Debt ratios are rising, but it’s not just because borrowers are taking on more debt.
They’re rising because the government changed the rules of the game. Last October it made all insured mortgage borrowers prove they can afford a payment at the 5-year posted rate (currently 4.64%). Those artificially higher payments (coined the “stress test”) have increased people’s debt ratios, at least on paper.
Numbers from Canada Mortgage and Housing Corporation (CMHC) are now bearing that out.
Average total debt service (TDS) ratio jumped half a percent from Q1 2016 to Q1 2017. Given this number hasn’t changed much for ages, “a variation of 0.5% points (or more) is…considered important,” says CMHC spokesperson Audrey-Anne Coulomb.
But more than that, there were big shifts in the distribution of debt ratios. For example, in Q1 2016, 16% of new CMHC-insured borrowers had a TDS ratio of 30% or less. Fast forward 12 months and that distribution is down to 13%, a material 2.6 percentage point decline.
At the same time, the percentage of people in the highest debt ratio bracket (i.e., those with a 40.1-44% TDS) jumped from 31.1% to 33.8% (a big 2.7 percentage point bump).

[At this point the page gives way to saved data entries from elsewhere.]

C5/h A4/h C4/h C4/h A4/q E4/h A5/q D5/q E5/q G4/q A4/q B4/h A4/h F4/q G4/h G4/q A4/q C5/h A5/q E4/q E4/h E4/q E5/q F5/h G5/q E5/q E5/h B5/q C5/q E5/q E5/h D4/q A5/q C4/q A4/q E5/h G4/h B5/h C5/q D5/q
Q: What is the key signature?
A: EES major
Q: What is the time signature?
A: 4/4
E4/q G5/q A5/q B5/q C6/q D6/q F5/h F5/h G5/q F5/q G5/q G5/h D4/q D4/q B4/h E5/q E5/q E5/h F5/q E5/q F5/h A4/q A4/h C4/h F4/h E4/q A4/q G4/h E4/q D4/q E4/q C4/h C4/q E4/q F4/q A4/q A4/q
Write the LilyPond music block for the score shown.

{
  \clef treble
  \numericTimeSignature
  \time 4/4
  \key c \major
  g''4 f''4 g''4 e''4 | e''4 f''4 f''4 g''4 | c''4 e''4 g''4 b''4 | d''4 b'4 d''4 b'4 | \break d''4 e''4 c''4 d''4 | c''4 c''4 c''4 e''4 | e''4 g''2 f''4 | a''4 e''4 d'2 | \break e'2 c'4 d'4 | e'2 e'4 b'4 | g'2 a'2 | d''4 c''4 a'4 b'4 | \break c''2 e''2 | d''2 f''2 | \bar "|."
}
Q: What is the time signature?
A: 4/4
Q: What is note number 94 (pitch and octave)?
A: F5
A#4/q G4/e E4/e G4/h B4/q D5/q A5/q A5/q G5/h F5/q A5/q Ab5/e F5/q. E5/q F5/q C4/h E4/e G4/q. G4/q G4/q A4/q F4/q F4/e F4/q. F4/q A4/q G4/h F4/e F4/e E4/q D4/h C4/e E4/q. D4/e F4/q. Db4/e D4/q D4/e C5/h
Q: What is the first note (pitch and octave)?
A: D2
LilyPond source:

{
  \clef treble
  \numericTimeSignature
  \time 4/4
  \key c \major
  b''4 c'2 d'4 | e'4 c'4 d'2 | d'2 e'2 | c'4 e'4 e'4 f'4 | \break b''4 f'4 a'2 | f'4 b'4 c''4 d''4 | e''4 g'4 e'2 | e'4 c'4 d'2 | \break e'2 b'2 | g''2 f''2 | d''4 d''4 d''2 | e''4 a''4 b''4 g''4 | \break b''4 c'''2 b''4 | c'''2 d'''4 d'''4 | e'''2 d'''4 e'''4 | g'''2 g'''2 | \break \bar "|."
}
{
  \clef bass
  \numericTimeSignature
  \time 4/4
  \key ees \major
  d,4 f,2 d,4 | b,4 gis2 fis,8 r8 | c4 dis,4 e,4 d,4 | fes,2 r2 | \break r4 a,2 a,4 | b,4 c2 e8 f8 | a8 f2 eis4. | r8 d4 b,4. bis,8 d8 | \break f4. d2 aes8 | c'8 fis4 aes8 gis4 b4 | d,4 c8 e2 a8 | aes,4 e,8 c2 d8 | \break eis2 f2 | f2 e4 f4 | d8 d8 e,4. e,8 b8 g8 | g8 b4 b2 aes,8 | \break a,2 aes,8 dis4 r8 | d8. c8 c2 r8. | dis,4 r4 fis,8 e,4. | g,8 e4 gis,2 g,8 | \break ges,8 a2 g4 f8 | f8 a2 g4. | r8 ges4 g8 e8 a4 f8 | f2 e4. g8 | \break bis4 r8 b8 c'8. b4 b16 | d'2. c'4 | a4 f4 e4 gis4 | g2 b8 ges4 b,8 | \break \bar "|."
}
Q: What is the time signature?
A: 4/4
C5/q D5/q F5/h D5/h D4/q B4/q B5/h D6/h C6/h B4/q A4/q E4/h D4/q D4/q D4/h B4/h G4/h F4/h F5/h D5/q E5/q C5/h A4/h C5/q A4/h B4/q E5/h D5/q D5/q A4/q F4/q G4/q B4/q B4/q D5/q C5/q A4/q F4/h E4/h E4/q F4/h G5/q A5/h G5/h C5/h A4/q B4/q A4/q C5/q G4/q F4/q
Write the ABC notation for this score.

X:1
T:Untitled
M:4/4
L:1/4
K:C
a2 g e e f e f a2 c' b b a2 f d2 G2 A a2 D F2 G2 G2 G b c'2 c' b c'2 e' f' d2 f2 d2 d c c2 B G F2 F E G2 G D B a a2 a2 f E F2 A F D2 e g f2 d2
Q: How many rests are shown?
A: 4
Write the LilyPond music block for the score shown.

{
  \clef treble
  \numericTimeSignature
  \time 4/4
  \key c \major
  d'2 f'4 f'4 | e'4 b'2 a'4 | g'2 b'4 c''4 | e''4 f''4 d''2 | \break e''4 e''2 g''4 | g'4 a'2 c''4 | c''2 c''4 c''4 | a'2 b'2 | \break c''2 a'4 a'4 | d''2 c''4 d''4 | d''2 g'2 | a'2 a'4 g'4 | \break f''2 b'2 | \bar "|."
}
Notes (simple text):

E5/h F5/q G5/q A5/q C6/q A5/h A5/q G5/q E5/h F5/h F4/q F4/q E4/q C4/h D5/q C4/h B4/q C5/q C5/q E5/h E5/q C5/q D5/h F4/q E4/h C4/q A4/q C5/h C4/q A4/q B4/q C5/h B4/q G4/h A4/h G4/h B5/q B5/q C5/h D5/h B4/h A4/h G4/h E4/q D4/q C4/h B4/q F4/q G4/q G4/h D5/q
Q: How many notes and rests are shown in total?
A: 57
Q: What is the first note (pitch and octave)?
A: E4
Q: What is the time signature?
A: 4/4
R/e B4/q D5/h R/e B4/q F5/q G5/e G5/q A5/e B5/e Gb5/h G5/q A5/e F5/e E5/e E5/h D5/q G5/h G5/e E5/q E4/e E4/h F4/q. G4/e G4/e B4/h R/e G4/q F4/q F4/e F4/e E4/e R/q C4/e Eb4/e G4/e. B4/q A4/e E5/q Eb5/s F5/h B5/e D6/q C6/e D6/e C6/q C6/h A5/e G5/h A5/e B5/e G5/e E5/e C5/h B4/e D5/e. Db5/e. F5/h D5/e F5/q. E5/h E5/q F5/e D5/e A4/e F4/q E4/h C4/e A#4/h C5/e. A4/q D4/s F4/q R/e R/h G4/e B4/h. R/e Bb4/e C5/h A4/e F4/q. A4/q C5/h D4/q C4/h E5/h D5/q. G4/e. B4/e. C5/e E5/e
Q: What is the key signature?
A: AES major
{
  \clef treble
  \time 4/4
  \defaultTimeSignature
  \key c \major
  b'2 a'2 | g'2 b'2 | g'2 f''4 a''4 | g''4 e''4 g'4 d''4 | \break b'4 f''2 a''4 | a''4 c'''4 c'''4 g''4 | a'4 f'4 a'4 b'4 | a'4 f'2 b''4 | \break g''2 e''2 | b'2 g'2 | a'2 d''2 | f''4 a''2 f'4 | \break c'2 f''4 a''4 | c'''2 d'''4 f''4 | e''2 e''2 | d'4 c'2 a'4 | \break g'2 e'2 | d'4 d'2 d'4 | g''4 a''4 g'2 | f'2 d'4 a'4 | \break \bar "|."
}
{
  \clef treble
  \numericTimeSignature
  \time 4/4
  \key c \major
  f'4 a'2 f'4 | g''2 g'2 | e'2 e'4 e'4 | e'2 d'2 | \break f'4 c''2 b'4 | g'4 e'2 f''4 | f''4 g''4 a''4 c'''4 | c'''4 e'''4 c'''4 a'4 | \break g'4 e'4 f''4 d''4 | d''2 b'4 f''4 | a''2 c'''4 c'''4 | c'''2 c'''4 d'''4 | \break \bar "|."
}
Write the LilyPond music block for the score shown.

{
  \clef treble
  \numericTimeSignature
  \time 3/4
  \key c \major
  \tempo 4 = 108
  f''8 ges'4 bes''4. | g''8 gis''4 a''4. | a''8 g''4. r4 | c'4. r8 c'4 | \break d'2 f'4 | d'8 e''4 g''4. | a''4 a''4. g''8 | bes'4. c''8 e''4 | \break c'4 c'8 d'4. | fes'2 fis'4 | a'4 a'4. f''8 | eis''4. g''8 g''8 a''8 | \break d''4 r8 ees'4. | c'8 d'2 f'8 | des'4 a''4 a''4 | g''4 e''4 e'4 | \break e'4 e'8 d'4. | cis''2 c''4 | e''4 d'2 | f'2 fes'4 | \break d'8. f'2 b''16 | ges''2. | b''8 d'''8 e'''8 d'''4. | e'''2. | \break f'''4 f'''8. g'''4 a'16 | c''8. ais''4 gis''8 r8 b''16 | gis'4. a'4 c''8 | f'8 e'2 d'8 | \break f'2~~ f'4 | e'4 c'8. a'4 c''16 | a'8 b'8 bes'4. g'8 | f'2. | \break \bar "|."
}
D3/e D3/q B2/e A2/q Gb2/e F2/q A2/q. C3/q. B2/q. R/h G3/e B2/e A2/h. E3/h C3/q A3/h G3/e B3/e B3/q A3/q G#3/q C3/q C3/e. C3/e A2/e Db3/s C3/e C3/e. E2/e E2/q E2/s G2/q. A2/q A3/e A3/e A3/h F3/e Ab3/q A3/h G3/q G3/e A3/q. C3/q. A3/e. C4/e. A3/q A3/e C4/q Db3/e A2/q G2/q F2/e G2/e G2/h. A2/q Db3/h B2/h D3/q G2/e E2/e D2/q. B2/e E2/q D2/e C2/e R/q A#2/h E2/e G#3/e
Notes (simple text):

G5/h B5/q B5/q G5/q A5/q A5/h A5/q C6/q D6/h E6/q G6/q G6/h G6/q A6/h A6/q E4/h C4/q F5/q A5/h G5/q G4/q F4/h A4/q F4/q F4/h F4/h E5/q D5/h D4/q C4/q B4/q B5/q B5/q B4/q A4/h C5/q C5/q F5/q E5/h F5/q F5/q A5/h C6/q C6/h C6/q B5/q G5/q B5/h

What this means, in part, is that it’s getting harder to qualify for an insured mortgage.
At least 1 in 5 new borrowers can no longer pass the aforementioned stress test, based on their desired purchase price and property characteristics. (This is our best guess based on government estimates, as no one tracks the number of willing homebuyers who can’t meet CMHC’s 44% TDS limit.)
So if you’re making less than a 20% down payment, keep all of this in mind. Some of you out there will have to buy a cheaper property than you thought, defer your purchase, scrape together a bigger down payment and/or find a co-signor.
2 Comments
CMHC’s just released consumer survey is interesting. 19% of buyers said the new rules impacted their decision, 11% raised their down payment (presumably to avoid mortgage insurance), 6% bought a cheaper place and 5% moved somewhere else than originally planned. So most are aren’t lowering their expectations, they are just avoiding the new rules or moving farther out to get the house they want.
Here is what that report says in whole:
• Fifty-three percent of buyers were aware of the latest mortgage qualification changes, and 19% noted that it impacted their purchase decision. For example, 11% of buyers said they increased their down payment, 6% purchased a smaller home, 5% purchased in a different location, and 3% delayed their purchase.
Half of people weren’t aware of the rule changes, so obviously more people were affected but didn’t know it.
Of the people who knew about it, 14% downgraded the property they were buying or didn’t buy at all.
I think it’s important to note that all of us can live in a mobile home or commute 2 hours each way and not be affected by CMHC’s rule changes. But is that what we want?